In the way above, you don't have to specify the type!

In [None]:
typeof(1.0f0)

In [None]:
struct MySlowComplex
    real
    imag
end
isbits(MySlowComplex(1.0,1.0))

In [None]:
struct MySlowComplex2
    real::AbstractFloat
    imag::AbstractFloat
end
isbits(MySlowComplex2(1.0,1.0))

Note: the number types, even ones such as Int, Float64, and Complex, are all themselves implemented in pure Julia!
Note2: isbits compiles down to bit operations from pure Julia, which means that these types can directly compile to GPU kernels through CUDAnative without modification.

### Function barriers


In [None]:
x = Number[1.0,3] #slow container type!
function r(x)
    a = 4
    b = 2
    for i in 1:100
      c = f(x[1],a)
      d = f(b,c)
      a = f(d,x[2])
    end
    a
  end
  @btime r(x)

In [None]:
x_fast = [1.0,3.0]
@btime r(x_fast)

Splitting up the bad container will be faster!

In [None]:
function _s(x1,x2)
    a = 4
    b = 2
    for i in 1:100
      c = f(x1,a)
      d = f(b,c)
      a = f(d,x2)
    end
    a
end
s(x) = _s(x[1],x[2])
@btime s(x)

In [None]:
isbits(x)#!! 

In [None]:
@code_warntype r(x)

### specialisation at compile time

In [None]:
function fff(x)
    if x isa Int
      y = 2
    else
      y = 4.0
    end
    x + y
  end

In [None]:
@code_llvm fff(1)

So optimised at compile time as it KNOWS the input is an INT!

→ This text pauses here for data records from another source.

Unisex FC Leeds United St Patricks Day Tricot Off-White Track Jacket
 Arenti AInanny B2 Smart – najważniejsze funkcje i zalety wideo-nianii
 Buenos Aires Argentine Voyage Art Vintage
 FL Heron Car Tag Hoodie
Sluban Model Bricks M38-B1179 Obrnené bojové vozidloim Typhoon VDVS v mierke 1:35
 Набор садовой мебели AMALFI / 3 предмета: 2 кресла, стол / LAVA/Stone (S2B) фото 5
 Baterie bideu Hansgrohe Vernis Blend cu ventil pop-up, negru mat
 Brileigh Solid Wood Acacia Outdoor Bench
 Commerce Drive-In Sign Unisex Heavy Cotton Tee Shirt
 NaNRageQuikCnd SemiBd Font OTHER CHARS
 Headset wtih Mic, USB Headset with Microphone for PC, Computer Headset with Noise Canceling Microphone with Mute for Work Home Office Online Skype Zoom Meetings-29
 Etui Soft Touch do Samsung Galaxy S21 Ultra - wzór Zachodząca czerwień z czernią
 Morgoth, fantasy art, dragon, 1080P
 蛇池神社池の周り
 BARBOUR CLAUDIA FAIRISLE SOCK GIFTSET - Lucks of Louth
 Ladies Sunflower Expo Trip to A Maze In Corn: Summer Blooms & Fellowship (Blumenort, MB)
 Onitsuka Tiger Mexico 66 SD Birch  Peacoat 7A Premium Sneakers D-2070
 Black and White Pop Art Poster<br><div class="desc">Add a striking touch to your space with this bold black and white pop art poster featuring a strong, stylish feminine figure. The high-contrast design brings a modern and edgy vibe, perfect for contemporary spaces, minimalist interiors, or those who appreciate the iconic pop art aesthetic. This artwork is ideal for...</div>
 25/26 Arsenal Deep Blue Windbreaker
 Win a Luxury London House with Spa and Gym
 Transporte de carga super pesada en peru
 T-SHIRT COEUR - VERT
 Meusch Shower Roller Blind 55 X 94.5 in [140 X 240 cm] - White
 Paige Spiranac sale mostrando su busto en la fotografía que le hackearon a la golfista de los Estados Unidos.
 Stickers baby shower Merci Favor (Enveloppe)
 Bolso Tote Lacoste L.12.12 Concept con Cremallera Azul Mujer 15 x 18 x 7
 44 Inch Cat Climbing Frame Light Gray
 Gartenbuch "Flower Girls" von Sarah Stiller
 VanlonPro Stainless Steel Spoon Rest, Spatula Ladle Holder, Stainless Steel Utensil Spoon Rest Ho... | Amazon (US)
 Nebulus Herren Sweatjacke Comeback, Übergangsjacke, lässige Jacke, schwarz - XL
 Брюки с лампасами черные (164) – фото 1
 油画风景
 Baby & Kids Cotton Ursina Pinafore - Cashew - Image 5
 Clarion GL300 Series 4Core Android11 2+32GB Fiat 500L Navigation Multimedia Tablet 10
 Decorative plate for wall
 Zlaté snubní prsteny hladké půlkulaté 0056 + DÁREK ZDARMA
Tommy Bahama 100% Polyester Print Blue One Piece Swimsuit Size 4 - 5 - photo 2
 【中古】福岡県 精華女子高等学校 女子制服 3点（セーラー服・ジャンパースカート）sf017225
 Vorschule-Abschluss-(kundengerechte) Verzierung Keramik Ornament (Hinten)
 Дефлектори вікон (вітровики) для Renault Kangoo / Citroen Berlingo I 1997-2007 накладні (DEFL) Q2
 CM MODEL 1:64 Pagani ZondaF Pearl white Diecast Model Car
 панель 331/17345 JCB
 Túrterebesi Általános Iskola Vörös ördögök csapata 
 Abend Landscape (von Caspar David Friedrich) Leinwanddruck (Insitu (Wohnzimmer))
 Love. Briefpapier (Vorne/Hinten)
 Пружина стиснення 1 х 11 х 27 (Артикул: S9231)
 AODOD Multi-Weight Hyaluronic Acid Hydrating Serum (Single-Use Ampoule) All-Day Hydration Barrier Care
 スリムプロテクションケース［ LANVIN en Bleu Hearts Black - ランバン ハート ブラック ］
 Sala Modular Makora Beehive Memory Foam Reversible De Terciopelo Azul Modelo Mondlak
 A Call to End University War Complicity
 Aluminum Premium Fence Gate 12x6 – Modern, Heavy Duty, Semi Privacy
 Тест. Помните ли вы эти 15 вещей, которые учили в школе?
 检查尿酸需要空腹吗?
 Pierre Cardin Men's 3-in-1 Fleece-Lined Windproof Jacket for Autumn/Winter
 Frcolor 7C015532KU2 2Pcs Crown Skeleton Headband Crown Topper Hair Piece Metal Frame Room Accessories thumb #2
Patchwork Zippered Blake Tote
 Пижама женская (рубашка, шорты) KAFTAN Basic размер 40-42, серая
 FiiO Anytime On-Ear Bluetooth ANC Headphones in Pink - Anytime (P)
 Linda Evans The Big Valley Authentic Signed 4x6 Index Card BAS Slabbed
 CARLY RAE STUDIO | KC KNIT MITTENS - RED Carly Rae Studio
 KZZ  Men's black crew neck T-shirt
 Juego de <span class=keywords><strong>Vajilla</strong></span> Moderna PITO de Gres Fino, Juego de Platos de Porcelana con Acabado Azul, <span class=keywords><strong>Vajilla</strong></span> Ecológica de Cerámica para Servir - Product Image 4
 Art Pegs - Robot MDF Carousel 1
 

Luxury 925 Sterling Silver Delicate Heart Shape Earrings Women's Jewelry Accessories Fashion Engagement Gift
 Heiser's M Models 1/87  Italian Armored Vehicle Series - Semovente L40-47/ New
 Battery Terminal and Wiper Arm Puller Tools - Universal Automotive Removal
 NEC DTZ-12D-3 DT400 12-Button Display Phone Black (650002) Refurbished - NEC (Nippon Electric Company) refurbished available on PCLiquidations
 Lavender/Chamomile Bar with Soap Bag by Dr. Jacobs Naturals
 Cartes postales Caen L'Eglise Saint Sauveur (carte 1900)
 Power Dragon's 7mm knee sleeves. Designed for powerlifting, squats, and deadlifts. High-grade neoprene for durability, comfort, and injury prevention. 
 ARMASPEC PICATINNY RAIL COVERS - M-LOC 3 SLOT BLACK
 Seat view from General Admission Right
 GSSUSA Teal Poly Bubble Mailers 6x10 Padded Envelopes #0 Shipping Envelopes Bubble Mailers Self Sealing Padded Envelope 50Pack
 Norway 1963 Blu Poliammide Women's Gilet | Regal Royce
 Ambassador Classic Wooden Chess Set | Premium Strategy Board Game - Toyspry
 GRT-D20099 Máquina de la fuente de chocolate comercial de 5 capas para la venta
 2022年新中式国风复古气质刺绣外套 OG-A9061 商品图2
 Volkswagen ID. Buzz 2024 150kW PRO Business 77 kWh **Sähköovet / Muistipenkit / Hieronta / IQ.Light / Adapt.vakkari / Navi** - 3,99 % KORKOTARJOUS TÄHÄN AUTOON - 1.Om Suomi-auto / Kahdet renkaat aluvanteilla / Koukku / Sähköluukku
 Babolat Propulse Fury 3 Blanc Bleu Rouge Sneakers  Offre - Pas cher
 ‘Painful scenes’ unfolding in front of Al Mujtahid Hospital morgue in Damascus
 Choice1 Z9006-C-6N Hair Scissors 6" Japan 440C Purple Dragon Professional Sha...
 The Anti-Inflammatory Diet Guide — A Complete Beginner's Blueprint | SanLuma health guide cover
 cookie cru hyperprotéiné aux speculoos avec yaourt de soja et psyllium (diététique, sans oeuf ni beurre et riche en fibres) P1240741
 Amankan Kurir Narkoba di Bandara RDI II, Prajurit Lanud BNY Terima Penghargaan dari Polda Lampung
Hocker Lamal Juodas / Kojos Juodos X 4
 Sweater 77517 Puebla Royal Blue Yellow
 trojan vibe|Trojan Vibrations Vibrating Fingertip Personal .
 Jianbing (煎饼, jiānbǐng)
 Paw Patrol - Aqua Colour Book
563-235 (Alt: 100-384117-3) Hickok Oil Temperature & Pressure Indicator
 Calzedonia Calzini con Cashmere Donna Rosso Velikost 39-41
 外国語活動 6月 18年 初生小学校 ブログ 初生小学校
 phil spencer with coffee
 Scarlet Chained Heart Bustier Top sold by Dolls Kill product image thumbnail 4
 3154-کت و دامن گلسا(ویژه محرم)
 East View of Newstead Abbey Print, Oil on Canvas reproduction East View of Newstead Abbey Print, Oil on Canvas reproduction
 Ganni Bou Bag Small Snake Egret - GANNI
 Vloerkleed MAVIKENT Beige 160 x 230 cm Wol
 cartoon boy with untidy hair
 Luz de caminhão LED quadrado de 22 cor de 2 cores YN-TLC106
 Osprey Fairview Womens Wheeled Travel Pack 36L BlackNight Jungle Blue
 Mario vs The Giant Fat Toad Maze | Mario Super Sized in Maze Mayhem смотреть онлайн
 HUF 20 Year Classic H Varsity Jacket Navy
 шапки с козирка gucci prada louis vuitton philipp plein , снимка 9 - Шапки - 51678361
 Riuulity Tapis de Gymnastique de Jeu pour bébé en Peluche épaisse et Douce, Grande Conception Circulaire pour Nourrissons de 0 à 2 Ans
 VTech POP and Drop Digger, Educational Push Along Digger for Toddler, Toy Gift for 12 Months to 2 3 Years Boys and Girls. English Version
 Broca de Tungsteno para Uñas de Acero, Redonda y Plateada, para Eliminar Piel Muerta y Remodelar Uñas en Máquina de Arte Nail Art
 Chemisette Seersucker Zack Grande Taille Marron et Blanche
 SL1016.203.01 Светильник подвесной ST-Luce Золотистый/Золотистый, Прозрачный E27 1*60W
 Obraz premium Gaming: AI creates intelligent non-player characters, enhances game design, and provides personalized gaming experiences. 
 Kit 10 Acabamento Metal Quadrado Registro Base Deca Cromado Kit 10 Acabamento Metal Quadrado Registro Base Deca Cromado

### Global scope and optimisations

so e.g. directly in REPL. Here, types cannot be inferred, as you can change the type at any time (by typing a new command)

## Overheads of individual operators

Each operation has a cost!

### Bounds checking
= what gives error if you're out of bounds! Removing this maks code faster

### SIMD
single input multiple data. E.g. adding 4 floats in 1 clock cycle!

### FMA
fused multiply-add so .e.g x*y+z is fused

### Inlining
if function call is deemed cheap enough, than combined into single call!